This was a big part of the rat race of their day, analogous to the success and appearances rat race we experience today
And that’s where we’ll pick up Paul’s words… (for the sake of time, I’m jumping just a few verses ahead in the letter from where Kyle left us off last week)

8 See to it that no one takes you captive through hollow and deceptive philosophy, which depends on human tradition and the elemental spiritual forces of this world rather than on Christ.

9 For in Christ all the fullness of the Deity lives in bodily form, 10 and in Christ you have been brought to fullness. He is the head over every power and authority.

Paul seems to resonate with the challenge for the common Greek person in Colossae to refute smart-sounding philosophical or spiritual messages coming at them
About how they need to follow Jewish religious tradition in order to “fit in” or to be “right with God”

Continuing the message of his earlier passages (that Kyle took us through last week) he says to them:
Don't be intimidated by arguments you can't refute or power plays from uber-religious-looking people (he’s referring to that Jewish backlash I mentioned)
This is exactly why God came to humanity in a person - in Jesus (whose title was Christ - it meant God’s chosen person)
To reveal what God is really about in a way that isn't intellectual, and in a way that doesn't require secret knowledge or a secret password
He writes: “All the fullness of the Deity lives in bodily form, in Christ”
If God is revealed in a person, then no special skill is required, because a person is not something you “figure out” or “master”; a person is something you build relationship with.
And anyone can build a relationship
He’s saying: anyone can connect with this God.
A powerful, attractive message about spirituality, for sure... and Paul delivers this message to help the Colossians navigate their religious rat race
If someone is placing religious demands on you, stack that up against what you know of the model of Jesus, and what Jesus speaks to you personally when you pray
Does it match?
If not, then don’t give it the time of day
The bulk of Chapter 2 of Paul’s letter (which you can read in full in your program) refers then to specific religious demands, like circumcision and baptism and dietary laws
Which in that day were being placed on non-Jewish people,
And which Paul saw as not matching with what he knew of Jesus
In verse 16 for example he says: “Do not let anyone judge you by what you eat or drink, or with regard to a religious festival, a New Moon celebration or a Sabbath day”

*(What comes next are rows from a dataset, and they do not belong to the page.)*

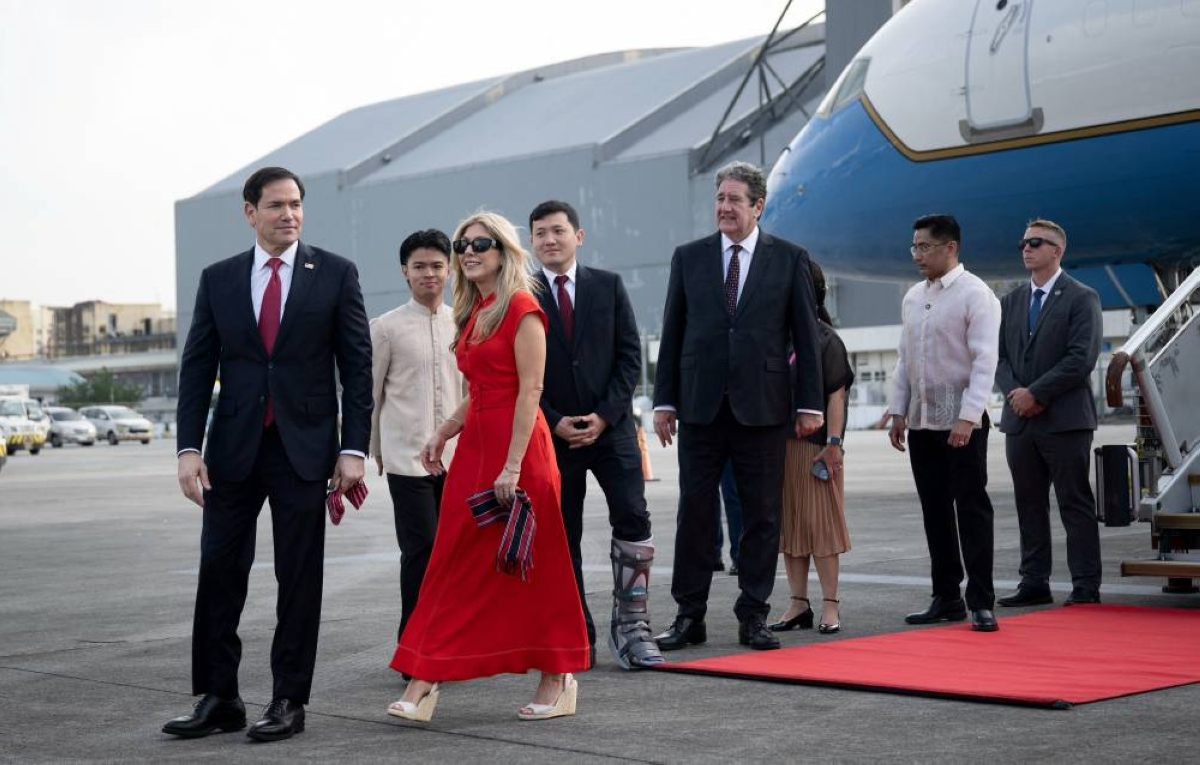 Rubio to meet Wang with possible Xi visit on cards amid looming election meddling fears
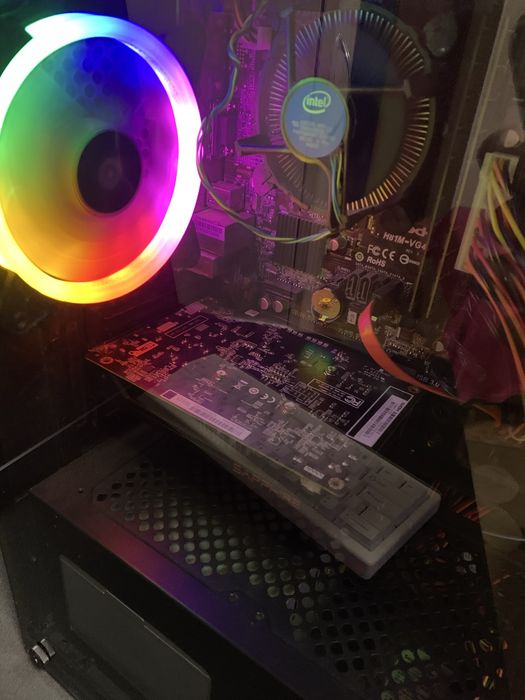 Компьютер ПК игровой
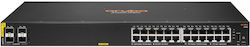 HP 6100 PoE Managed L2 PoE+ HP 6100 PoE Managed L2 PoE+
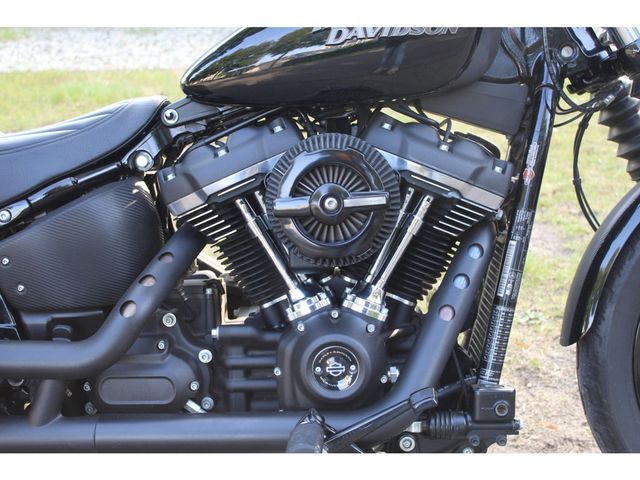 harley-davidson - softail-street-bob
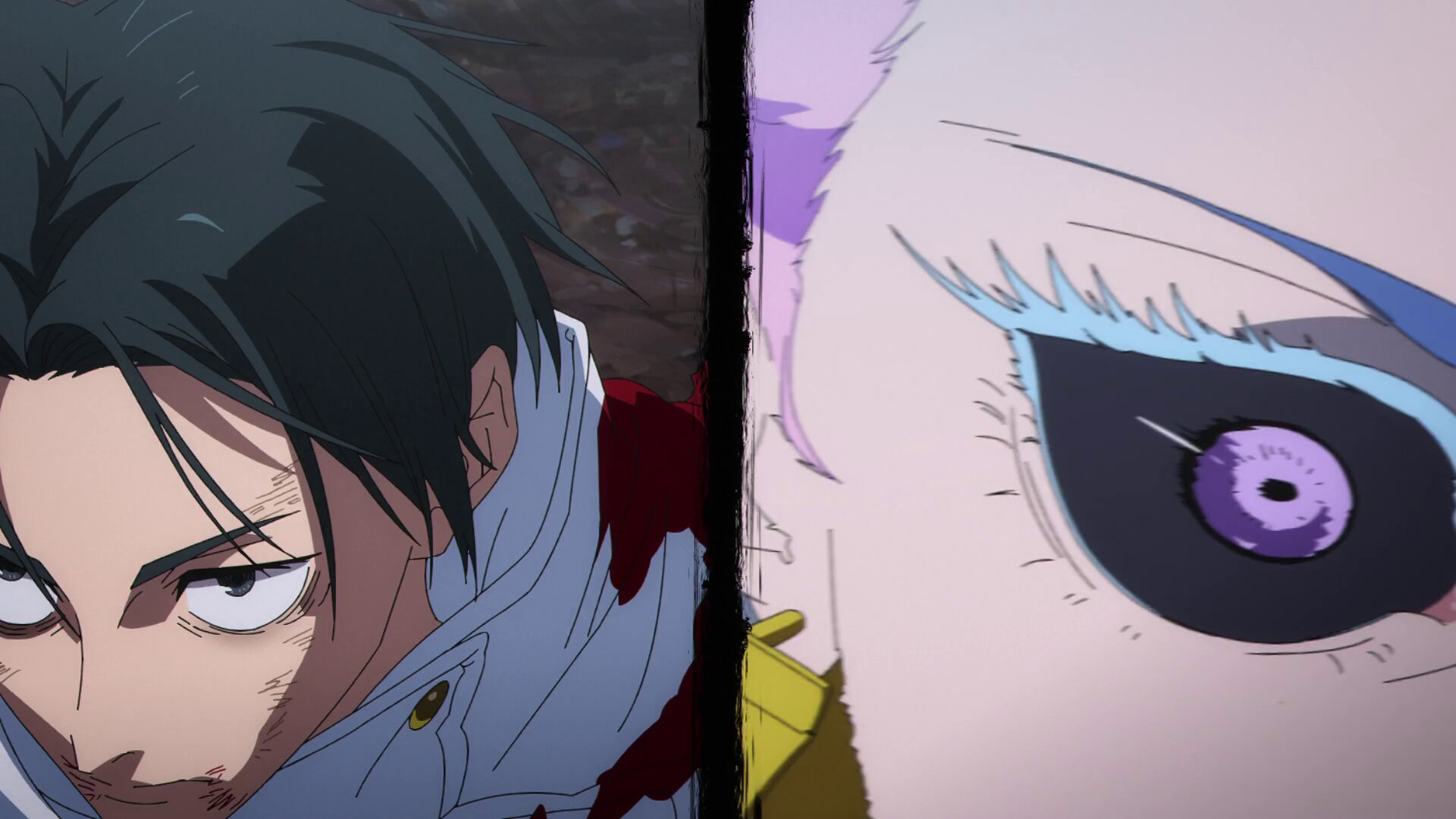 Jujutsu Kaisen S3E12 Sendai Colony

Thinking about our own modern rat race today, I feel helped by how accessible this idea is...
Stack the demands placed on us up against:
What I know of the model of Jesus
And what I personally hear from Jesus when I pray
To see if they match… and if they don't,
Then I should feel encouraged to NOT let those demands control my life
And if I’m the target of judgement for doing so, God has my back!
When my wife Keziah was pregnant for the first time with our now three year old son
We were piledrived with messages about what our baby will need, what our baby deserves
These things, this sort of environment, this amount of that, and that amount of this
The implication being: if we weren’t providing those things we would be bad parents
We felt so much pressure to work harder, make more money, fix up our home better, and change our social lives to do all this
And then I remember distinctly a time sitting on our front porch together, Keziah and me, and we were talking and praying together,
And in my mind’s eye I suddenly saw all those demands stacked up against a picture of Jesus, calm and happy
And the pressure just lifted off me…
And both Keziah and I in that moment felt a different message ringing in our ear that was so much more peaceful and felt so much more true
All our baby really needs and deserves is an environment of love… that’s it...
So what if we don’t have a room devoted to being his nursery, etc.
So what if we don’t make as much money as we’re supposed to before having a kid
Most of all, I was reminded: Hey! We’re having a baby! This is amazing!
We were able to feel joy

Jumping ahead to the end of this section of Colossians (the first few verses of Chapter 3),
Paul makes what has become a bit of a famous encouragement:

1b Set your hearts on things above, where Christ is, seated at the right hand of God. 2 Set your minds on things above, not on earthly things.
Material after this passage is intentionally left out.